Relative Permeability Curves for Oil and Water and Capillary Pressure

The production well is located in the fracture near the center of the system. Since it is difficult to install a production well in an LGR system having 0.1 ft of fracture aperture at intercepted cell, we applied equivalent system of four horizontal-leg wells to correspond to a vertical well (Figure 3).

Figure 3

Well Block Description

The production well was produced at a bottomhole pressure (BHP) of 5500 psia during the production period. The other reservoir properties are given in Table 1.

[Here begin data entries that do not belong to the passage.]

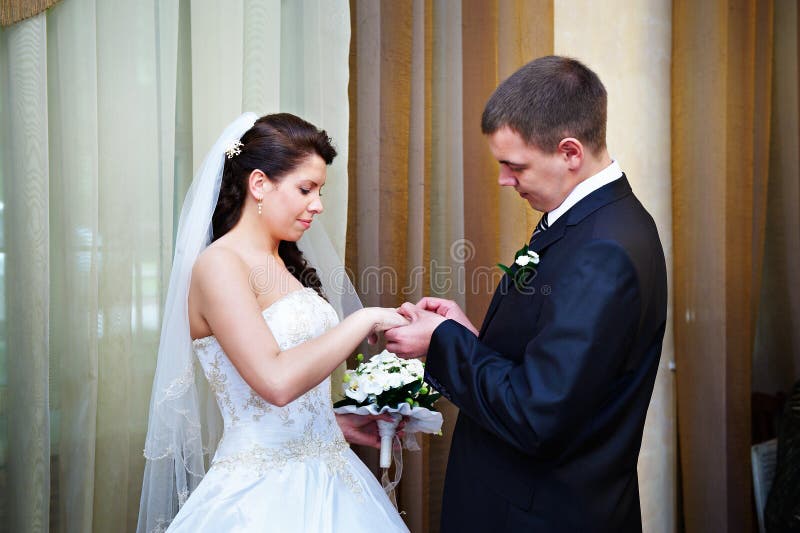 Elegant groom wears a wedding ring a happy bride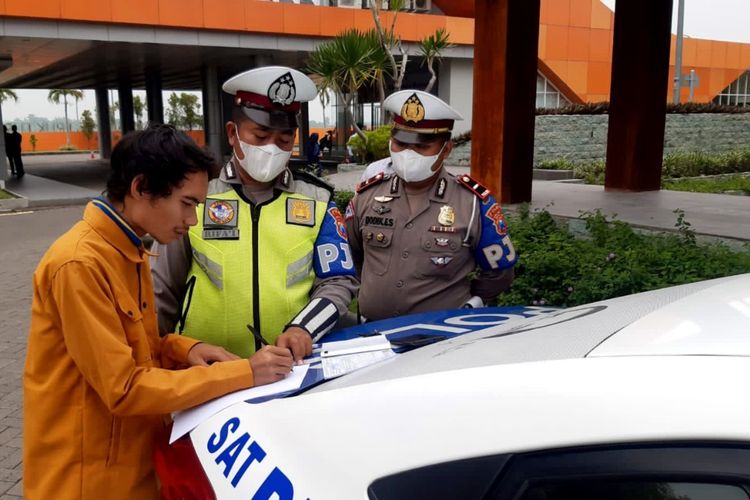Pengendara motor yang masuk ke jalan tol Jombang - Mojokerto, diminta petugas menandatangani pernyataan setelah dihentikan petugas PJR Polda Jawa Timur, Senin (14/2/2022).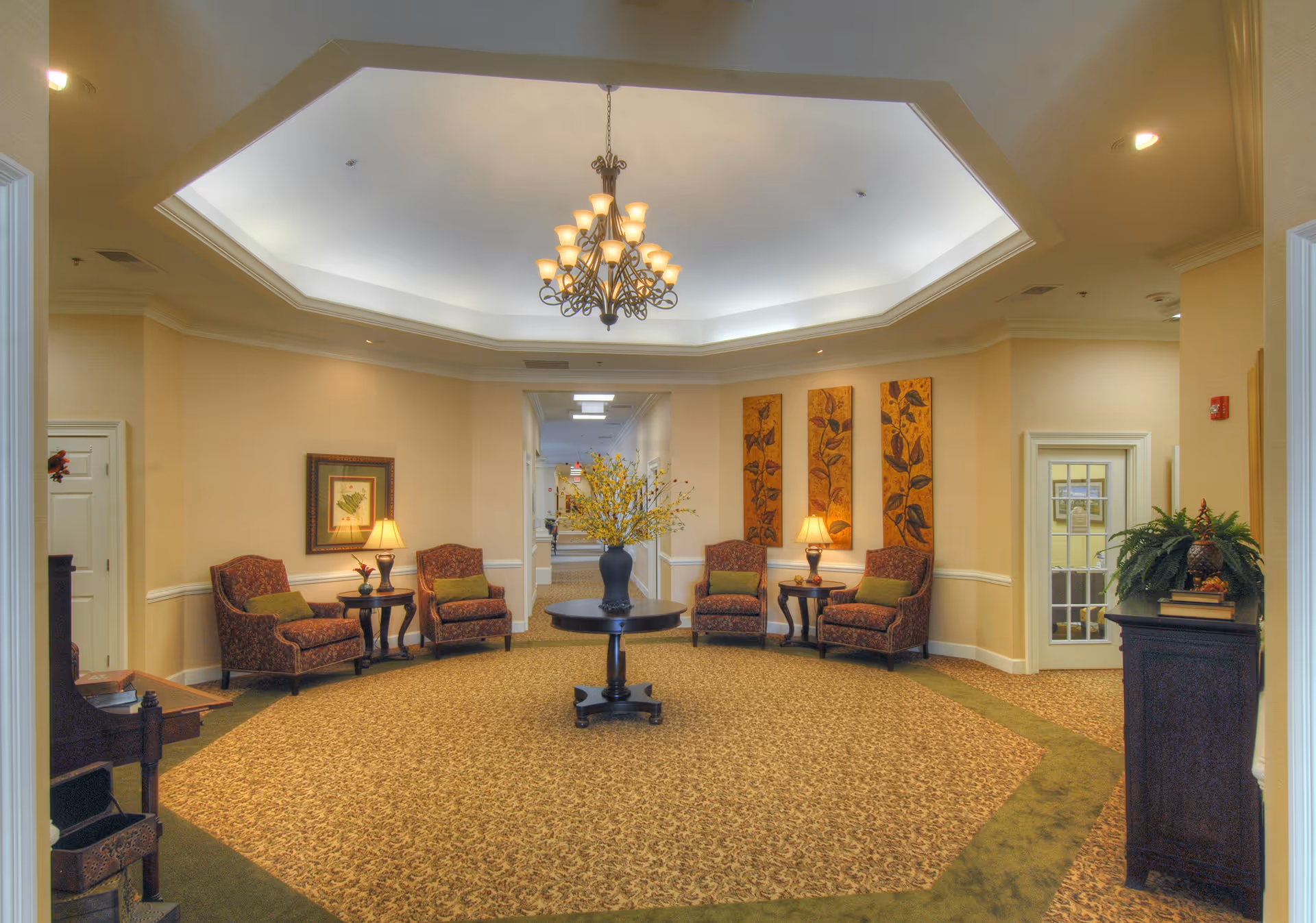 A spacious and elegantly decorated common area with a large octagonal recessed ceiling featuring a chandelier. The room has patterned carpet with a green border, four upholstered armchairs with green cushions arranged around two small side tables, and a round table in the center with a vase of yellow flowers. The walls are adorned with framed artwork and three vertical floral panels. There is a hallway visible in the background and a door with glass panes on the right side.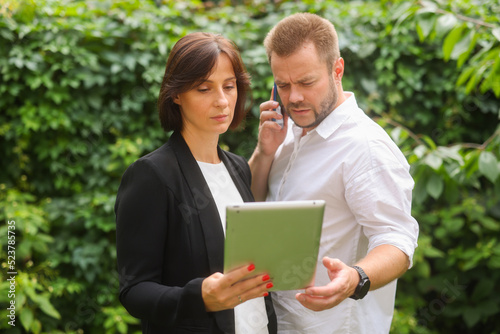 business partners man and woman are discussing something using smartphone tablet laptop. a team of two professional people discusses, decides, consults against the backdrop of green plants.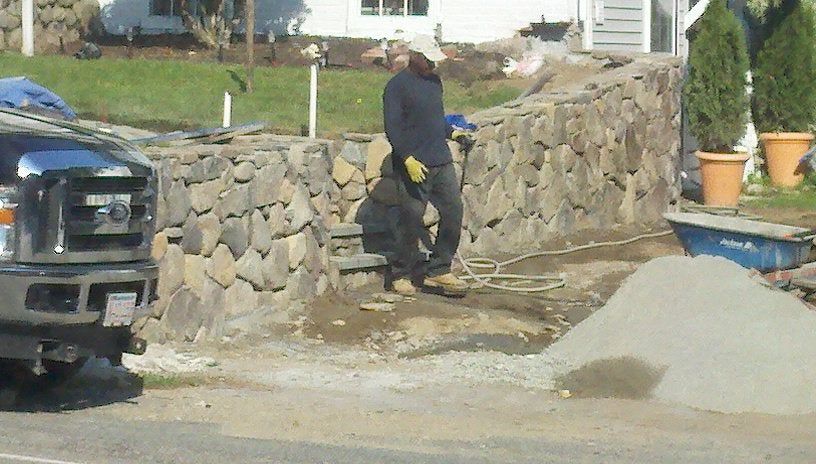 Worker in dark clothes stands by a stone wall at a construction site, with a truck and gravel pile nearby.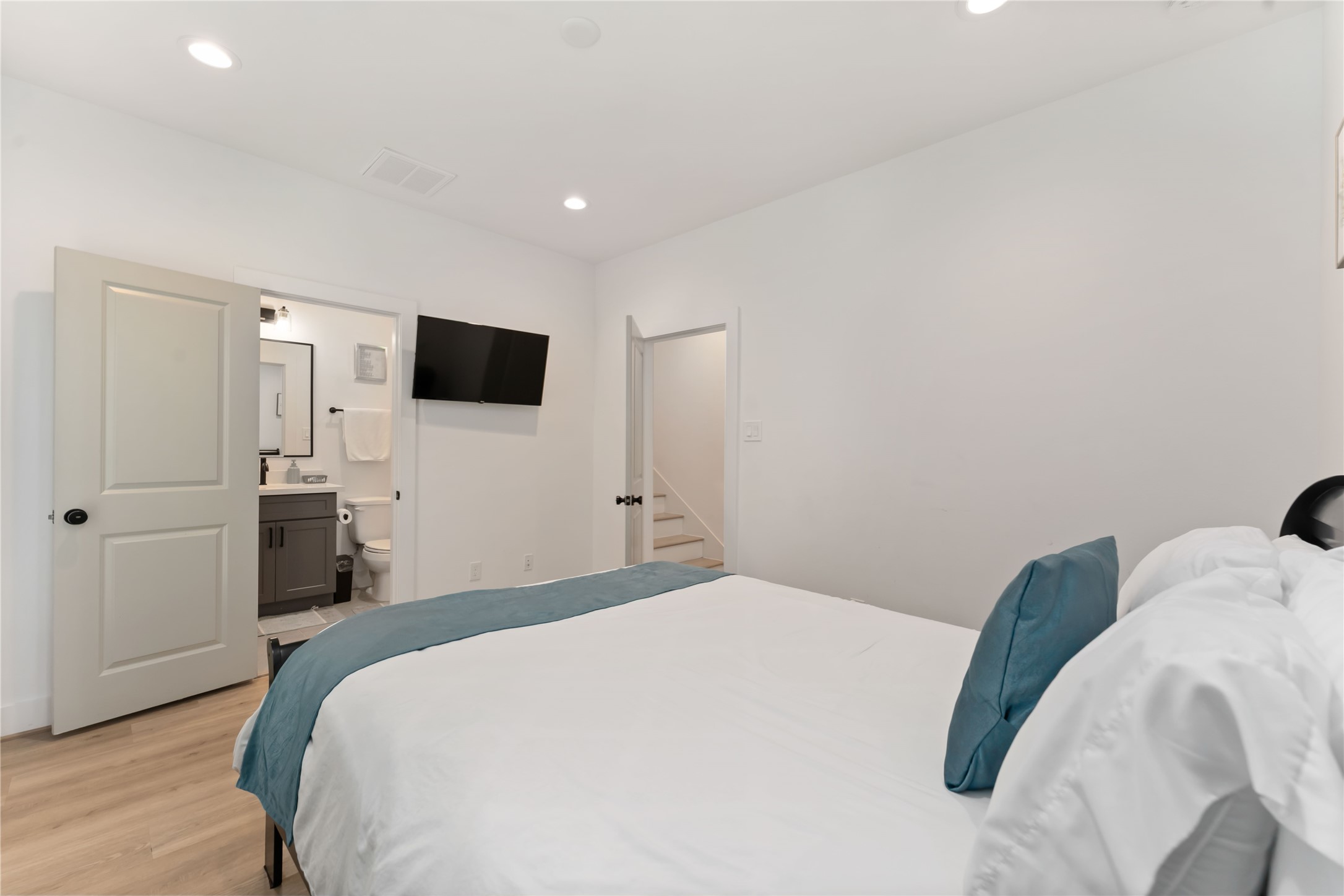 2341 Eagle Street Houston, TX 77004 - Photo 5 of 30 a bedroom with a bed and a flat tv screen on dresser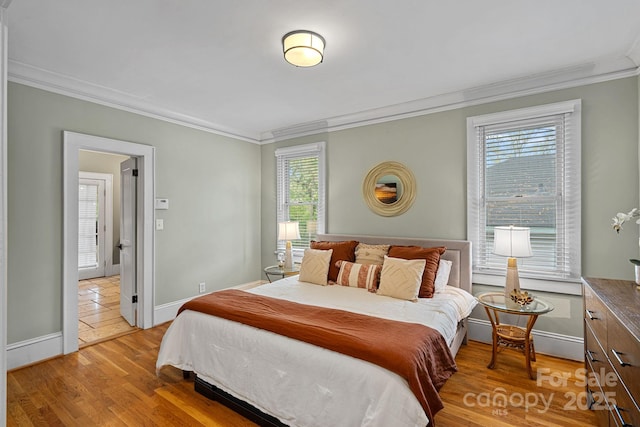 bedroom featuring baseboards, ornamental molding, and light wood-style floors
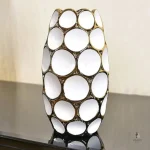 Vase chic blanc avec accents dorés, idéal pour fleurs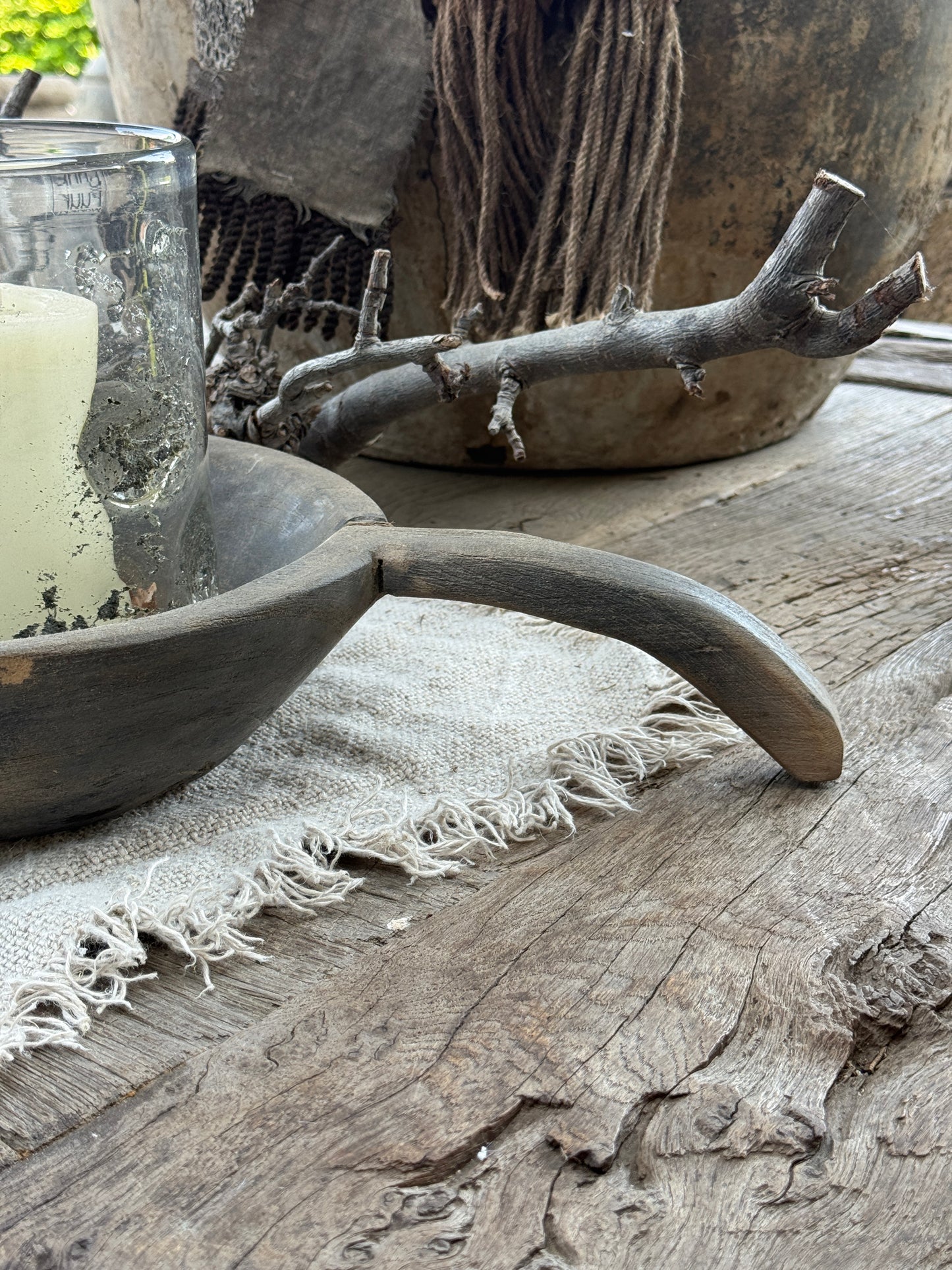 Weathered wooden bowl with a handle. (LH002)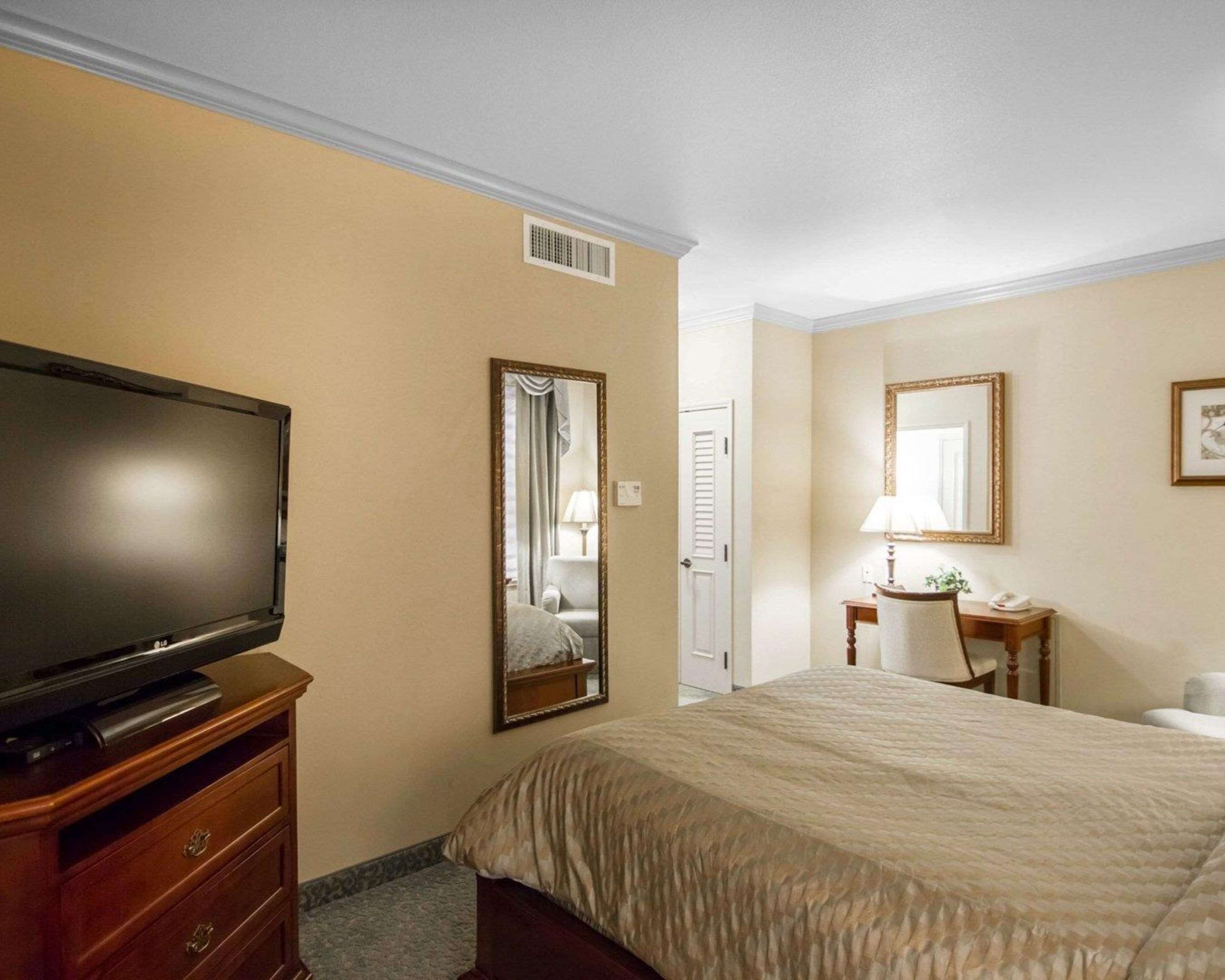 A hotel room with a bed, a television on a wooden dresser, a mirror, a desk with a lamp, and a chair.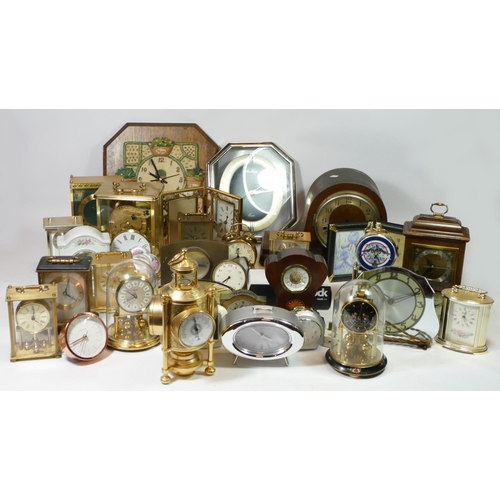 72 - A collection of mid 20th century clocks, to include wall clocks, lantern and anniversary clocks by S... 
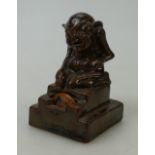 Doulton Lambeth Stoneware Bridge game counter with grotesque figure of a Booby: Bridge game counter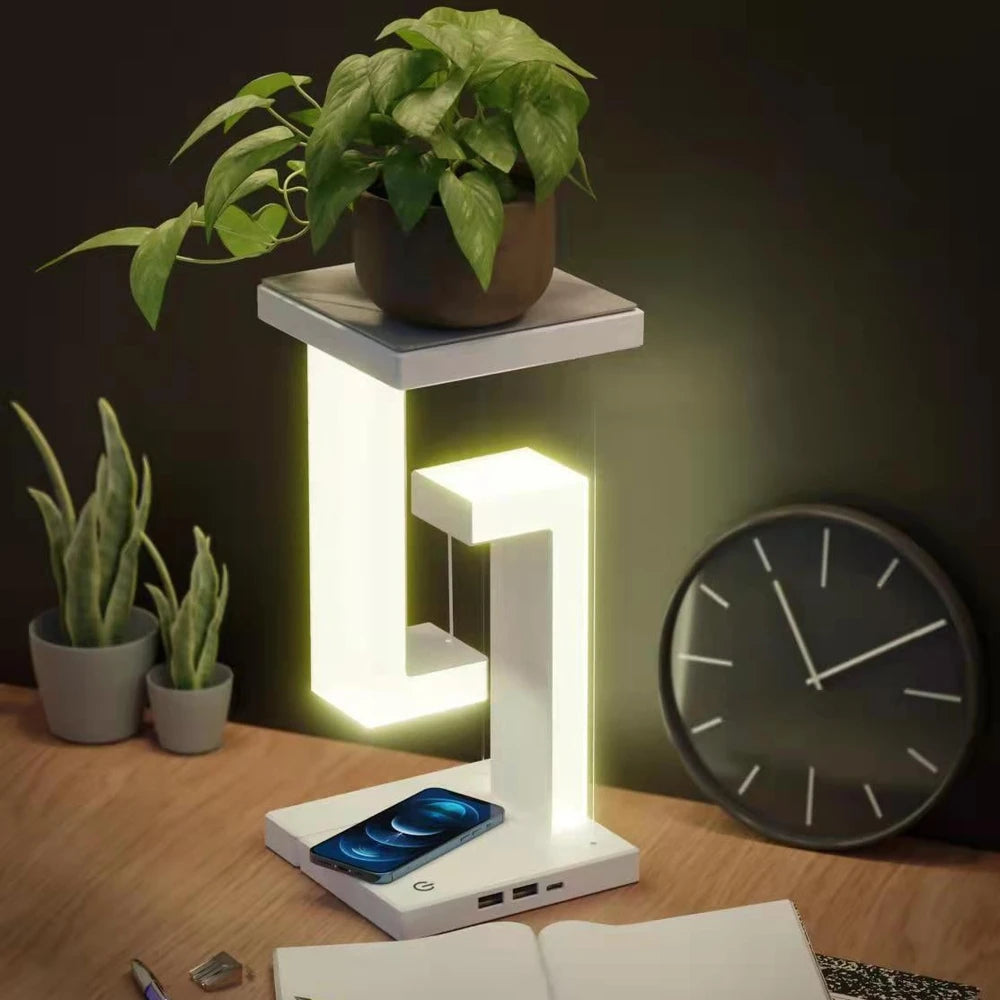Modern LED desk lamp with wireless charging, plant stand, and USB ports for cozy home office setup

2. RESULTS AND DISCUSSIONS

The fluids in FBR flow mainly through fracture networks because the matrix permeability of these reservoirs is extremely low. Because fluid flow through fracture network leads to sudden changes in production, we performed a simulation that is applied by using the hybrid DFN approach to understand flow behavior in the FBR. The absolute permeability of the matrix and the fracture are 0.1 md and 2000 md, respectively, and all boundary pressures maintain an initial reservoir pressure of 6000 psia. The oil-saturation distribution during 25 years of this resulting production is indicated in Figure 4. The inflow of oil into the fracture of a nearby production well is affected by inflow of water from the aquifer, because the production well is located in the fracture that is closed and is connected to the aquifer. Therefore, as shown Figure 5, the oil production rate decreased remarkably, as the water production rapidly increased after 400 days.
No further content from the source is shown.